Sociologismo juridico
Notas de uma discussão
1. Introdução
Todo texto tem uma história. Este é uma continuação de um debate ocorrido numa sala de aula com uma turma do curso de direito. A cadeira era sociologia jurídica. O debate era sobre os pontos de contato, de divergência, de cooperação entre essa disciplina e a dogmática jurídica — aqui entendida no sentido de estudo sistemático (e também intra-sistemático) das normas que compõem o chamado Direito Positivo (Reale, 1978, p. 160). Um dos pontos tocados abordou a questão da legitimidade da lei. Implícita à discussão havia o pressuposto, praticamente consensual dentro do mundo moderno, de que a lei mais legítima — e também a mais eficaz — é aquela que mais corresponde às necessidades e aspirações dos cidadãos (Bobbio, 1967). Por aqui se vislumbrava um terreno em que a sociologia jurídica poderia contribuir para tornar a ordem jurídica positiva mais legítima, na medida em que, com seus métodos e técnicas de sondagem do real, a ela caberia esclarecer o que é que os cidadãos mais necessitam e a que aspiram.
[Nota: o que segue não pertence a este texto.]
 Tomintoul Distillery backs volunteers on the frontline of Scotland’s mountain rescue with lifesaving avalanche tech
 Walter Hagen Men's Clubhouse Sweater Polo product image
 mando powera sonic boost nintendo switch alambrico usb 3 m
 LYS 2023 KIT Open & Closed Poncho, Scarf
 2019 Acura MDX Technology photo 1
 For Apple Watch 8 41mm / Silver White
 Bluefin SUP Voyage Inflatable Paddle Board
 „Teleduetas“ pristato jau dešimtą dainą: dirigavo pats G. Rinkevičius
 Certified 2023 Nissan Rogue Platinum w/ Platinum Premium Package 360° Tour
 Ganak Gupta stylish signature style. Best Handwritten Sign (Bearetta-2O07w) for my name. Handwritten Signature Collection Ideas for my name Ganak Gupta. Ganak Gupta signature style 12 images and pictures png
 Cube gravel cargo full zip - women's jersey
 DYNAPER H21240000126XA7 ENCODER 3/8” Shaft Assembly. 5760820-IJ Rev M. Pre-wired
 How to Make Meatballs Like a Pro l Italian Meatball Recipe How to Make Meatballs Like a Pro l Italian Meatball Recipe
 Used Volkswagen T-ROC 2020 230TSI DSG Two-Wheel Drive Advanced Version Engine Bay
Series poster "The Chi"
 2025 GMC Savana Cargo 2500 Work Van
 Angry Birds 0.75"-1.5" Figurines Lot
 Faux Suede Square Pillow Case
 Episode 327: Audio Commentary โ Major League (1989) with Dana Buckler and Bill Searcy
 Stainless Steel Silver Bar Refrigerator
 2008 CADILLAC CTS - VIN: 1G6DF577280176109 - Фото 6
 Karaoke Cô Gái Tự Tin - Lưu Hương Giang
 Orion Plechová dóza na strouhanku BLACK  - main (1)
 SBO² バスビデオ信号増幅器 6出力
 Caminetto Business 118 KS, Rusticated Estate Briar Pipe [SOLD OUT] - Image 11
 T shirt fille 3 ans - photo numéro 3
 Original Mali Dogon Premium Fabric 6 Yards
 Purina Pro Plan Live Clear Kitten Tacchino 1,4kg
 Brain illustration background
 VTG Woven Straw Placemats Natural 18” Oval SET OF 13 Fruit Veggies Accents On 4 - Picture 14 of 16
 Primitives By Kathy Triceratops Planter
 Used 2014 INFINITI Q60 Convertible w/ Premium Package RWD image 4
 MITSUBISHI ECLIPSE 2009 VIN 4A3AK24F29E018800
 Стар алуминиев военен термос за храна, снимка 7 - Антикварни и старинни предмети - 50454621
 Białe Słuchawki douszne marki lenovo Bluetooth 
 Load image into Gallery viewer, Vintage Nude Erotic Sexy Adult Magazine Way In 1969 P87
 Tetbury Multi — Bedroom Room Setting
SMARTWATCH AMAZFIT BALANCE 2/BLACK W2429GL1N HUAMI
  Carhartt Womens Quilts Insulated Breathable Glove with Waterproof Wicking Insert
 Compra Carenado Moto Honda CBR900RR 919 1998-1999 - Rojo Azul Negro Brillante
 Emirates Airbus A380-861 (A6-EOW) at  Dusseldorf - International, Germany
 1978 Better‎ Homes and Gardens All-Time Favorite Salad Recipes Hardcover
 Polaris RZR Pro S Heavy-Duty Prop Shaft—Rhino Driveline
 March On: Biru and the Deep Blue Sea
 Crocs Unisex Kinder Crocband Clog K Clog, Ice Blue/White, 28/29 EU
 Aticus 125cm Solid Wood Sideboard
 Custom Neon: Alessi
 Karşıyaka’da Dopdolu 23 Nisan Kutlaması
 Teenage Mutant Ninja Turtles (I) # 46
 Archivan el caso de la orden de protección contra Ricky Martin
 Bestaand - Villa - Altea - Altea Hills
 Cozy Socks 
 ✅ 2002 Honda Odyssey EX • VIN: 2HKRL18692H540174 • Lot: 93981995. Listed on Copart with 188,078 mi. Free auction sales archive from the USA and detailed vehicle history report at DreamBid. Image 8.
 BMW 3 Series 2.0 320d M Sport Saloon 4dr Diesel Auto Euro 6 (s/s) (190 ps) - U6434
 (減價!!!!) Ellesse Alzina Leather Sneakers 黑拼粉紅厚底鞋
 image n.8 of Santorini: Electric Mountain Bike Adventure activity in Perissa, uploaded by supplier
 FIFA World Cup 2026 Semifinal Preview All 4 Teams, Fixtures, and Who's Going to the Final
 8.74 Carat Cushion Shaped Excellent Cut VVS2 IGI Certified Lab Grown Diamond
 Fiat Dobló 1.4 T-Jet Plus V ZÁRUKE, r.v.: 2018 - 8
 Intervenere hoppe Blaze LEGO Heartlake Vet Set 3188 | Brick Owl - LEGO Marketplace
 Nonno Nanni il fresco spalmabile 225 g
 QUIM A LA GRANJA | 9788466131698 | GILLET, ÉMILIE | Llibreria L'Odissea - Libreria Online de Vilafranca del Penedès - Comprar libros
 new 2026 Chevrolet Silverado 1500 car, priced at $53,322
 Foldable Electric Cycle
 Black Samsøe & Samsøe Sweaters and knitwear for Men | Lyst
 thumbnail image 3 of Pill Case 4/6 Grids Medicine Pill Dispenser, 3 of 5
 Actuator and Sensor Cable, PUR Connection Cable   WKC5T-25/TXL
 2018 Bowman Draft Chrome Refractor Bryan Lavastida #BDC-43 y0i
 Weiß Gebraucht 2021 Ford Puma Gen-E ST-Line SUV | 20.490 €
Aqui se marcavam dois campos, dois métodos, dois programas. A dogmática jurídica, estudando o direito “de dentro”, tinha por finalidade adestrar os juristas encarregados de aplicá-lo; a sociologia jurídica, estudando o direito “de fora”, tinha por finalidade verificar a sua adequação à realidade empírica e, sendo o caso, propor a sua modificação. Surgiu um exemplo bem singelo mas, por isso mesmo, bastante ilustrativo: a questão do jogo do bicho. Apesar de “ilegal”, ele tem uma legitimidade social bastante forte — para não dizer unânime, que é uma palavra sempre perigosa. Nesse caso, uma enquete sociológica, talvez desnecessária, muito provavelmente apontaria no sentido de sua legalização. O princípio implícito na nossa discussão — o de que a lei legítima é a lei socialmente desejada — passava, com esse exemplo, pelo teste da prova empírica, e com nossa aprovação.